Thus, what is needed is an improved lamp driver system that provides the improved performance and reliability needed for critical applications.

BRIEF SUMMARY OF THE INVENTION

The present invention provides a lamp driver system that facilitates improved reliability and performance for a display system. The lamp driver system includes a fault detector and an output steering device. The fault detector determines when a failure occurs in a lamp illuminating the display system. The output steering device selectively drives the lamps to illuminate the display system. Specifically, when a failure in a first lamp is detected by the fault detector, the output steering device is used to selectively drive a second lamp to provide the needed illumination to the display system. The lamp driver system thus can provide redundancy in the display system by automatically switching to a backup lamp when a failure in the first lamp is detected. This redundancy can improve the reliability and performance of the display system.

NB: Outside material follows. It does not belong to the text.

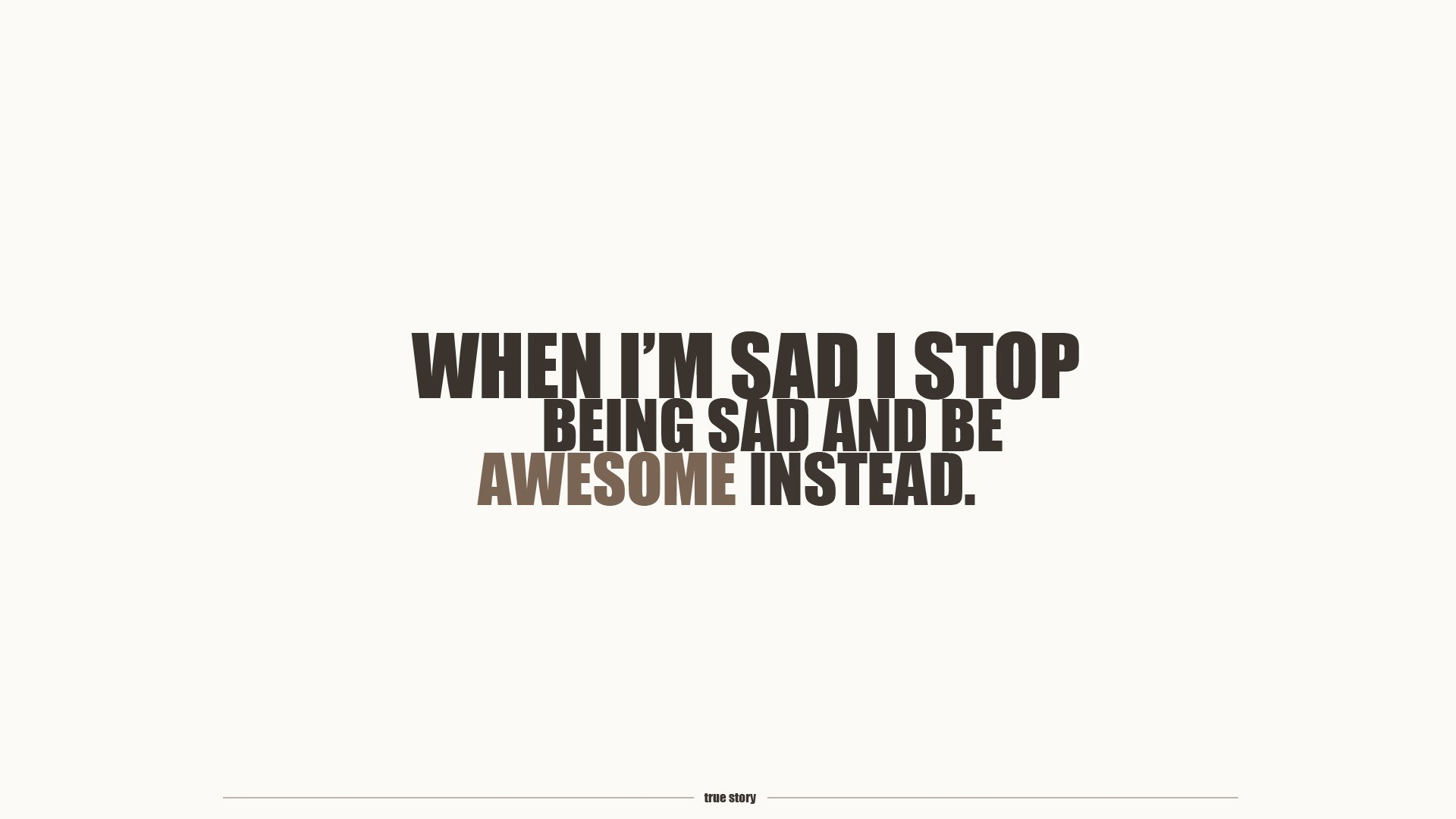 positive quote on sadness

The foregoing and other objects, features and advantages of the invention will be apparent from the following more particular description of a preferred embodiment of the invention, as illustrated in the accompanying drawings.

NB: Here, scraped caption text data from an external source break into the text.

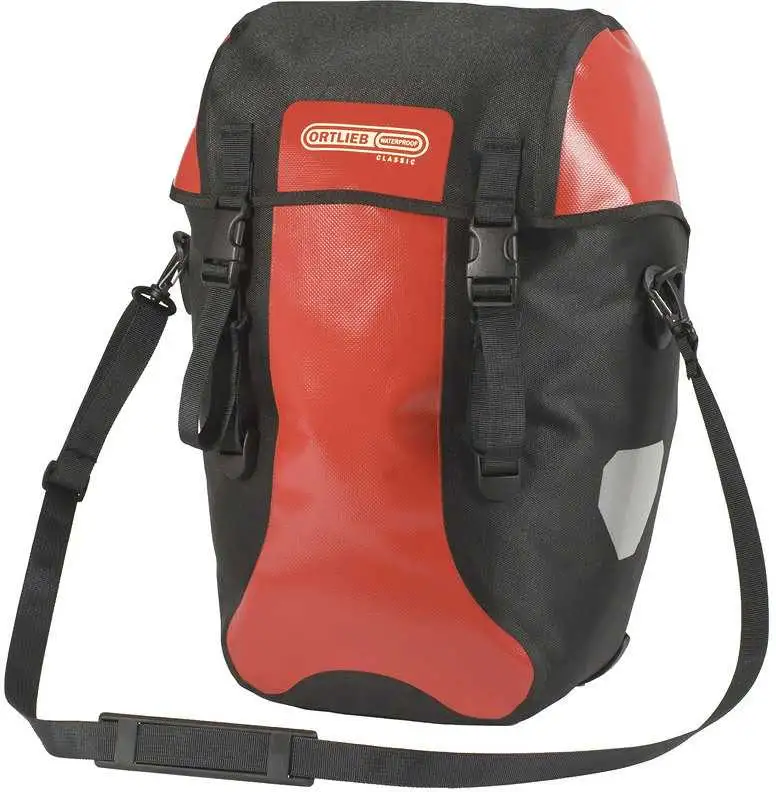 Packväskor Ortlieb Bike-packer Classic QL2.1 2 x 20 l röd/svart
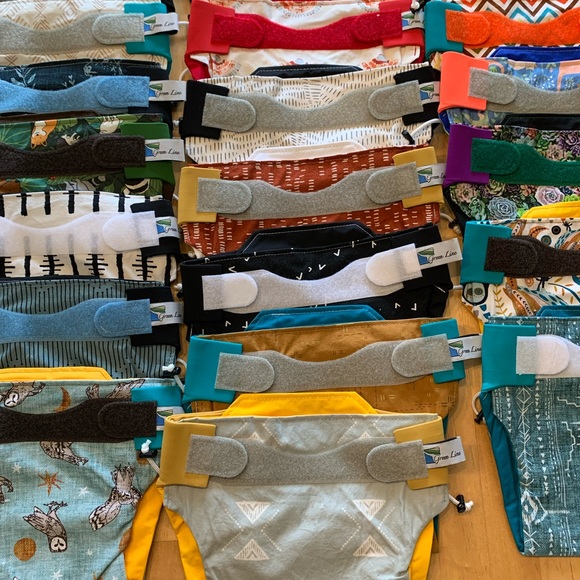 Greenline Cloth Diapers 21 covers and 21 bamboo terry flat inserts. All new! - Picture 3 of 14
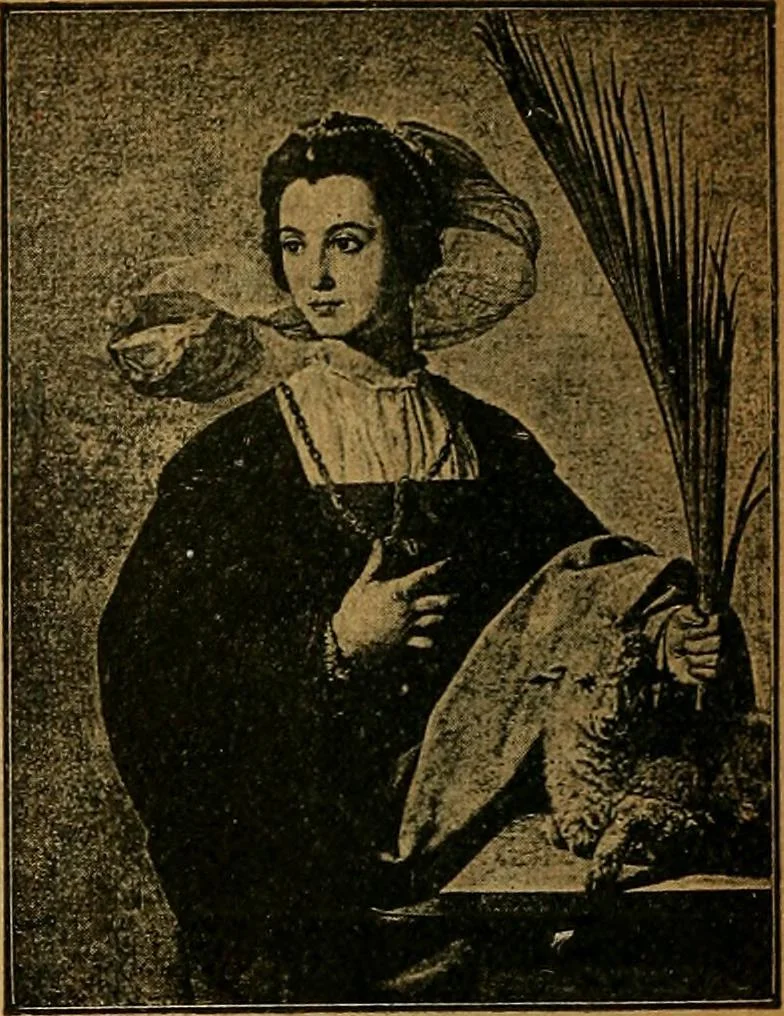 An illustration from Der Cicerone in der Kgl. Gemäldegalerie in Berlin, 1889, leaf 294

BRIEF DESCRIPTION OF DRAWINGS

The preferred exemplary embodiment of the present invention will hereinafter be described in conjunction with the appended drawings, where like designations denote like elements, and:

FIG. 1 is a schematic view of a lamp driver system;

FIG. 2 is a schematic view of a lamp driver system first embodiment; and

FIG. 3 is a schematic view of a lamp controller first embodiment.

DETAILED DESCRIPTION OF THE INVENTION

The present invention provides a lamp driver system that facilitates improved reliability and performance for a display system. The lamp driver system includes a fault detector and an output steering device. The fault detector determines when a failure occurs in a lamp illuminating the display system. The output steering device selectively drives the lamps to illuminate the display system. Specifically, when a failure in a first lamp is detected by the fault detector, the output steering device is used to selectively drive a second lamp to provide the needed illumination to the display system. The lamp driver system thus can provide redundancy in the display system by automatically switching to a backup lamp when a failure in the first lamp is detected. This redundancy can improve the reliability and performance of the display system.

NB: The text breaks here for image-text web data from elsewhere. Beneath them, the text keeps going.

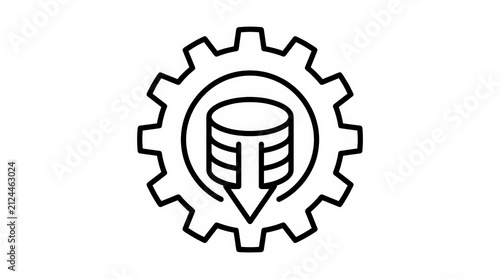 Cost Optimization Symbol with Gear and Money Stacks Icon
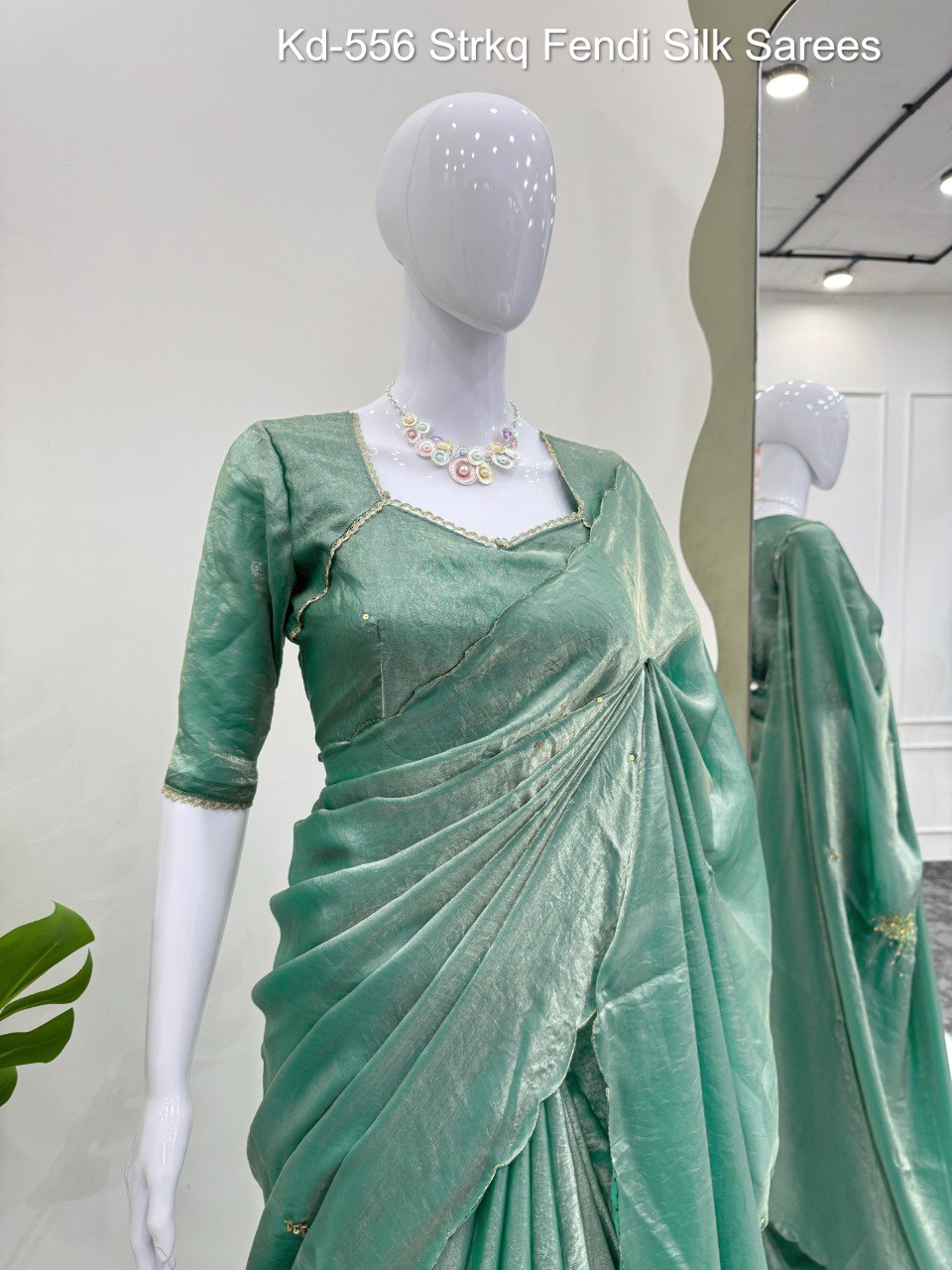 Kd-556 Strkq Fendi Silk Sarees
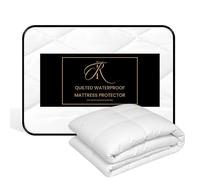 The Royce Quilted Waterproof Mattress Protector - Mattress Cover with Extra Deep 30CM Fitted Skirt Anti Allergy - Hypoallergenic - Waterproof Double Mattress Protector - Mattress topper Cover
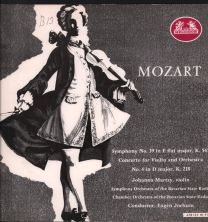 Mozart - Symphony No. 39 In E Flat Major, K. 543 / Conterto For Violin And Orchestra No. 4 In D Major, K. 218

In general, lamp driver systems are used to power lamps used in display systems. As one example, lamp driver systems are used to drive fluorescent lamps used for backlighting flat panel displays (e.g., LCD's) used in a variety of applications. Fluorescent lamps typically comprise an enclosure (e.g., glass tube) with an electrode at each end and filed with a noble gas such as mercury or argon. The inner surface of the glass tube is coated with phosphor. The lamp driver provides a drive voltage across the electrodes, causing the noble gas atoms to emit ultraviolet photons. The emitted photons, in turn, excite the phosphorus, creating fluorescent illumination. In other examples, the lamps can comprise other types of illumination lamps, including LED's, electromagnetic emitters (such as infrared, ultraviolet, ultrasonic), and arc lamps.

Turning now to FIG. 1, a lamp driver system 100 is illustrated. The lamp driver system includes a lamp power control circuit commonly called a driver circuit, a fault detector and an output steering device. The driver circuit generates the drive voltage which is applied to the electrodes to light the lamps. The driver circuit can be of any suitable type, including the various topologies used in currently available systems. On exemplary driver circuit is described in U.S. Pat. No. 5,027,034 entitled “Alternating Cathode Florescent Lamp Dimmer” issued to Joseph Ruby et al and assigned to Honeywell Inc.

To facilitate improved reliability and performance, the driver system 100 also includes a fault detector and an output steering device. The fault detector determines when a failure occurs in a lamp illuminating the display system, and the output steering device selectively drives the lamps to illuminate the display system. The fault detector can be implanted using photo detectors or other measurements of lamp output or status, as well as with measurements from the driver circuits themselves. The fault detector can be implemented with a variety of different devices and techniques.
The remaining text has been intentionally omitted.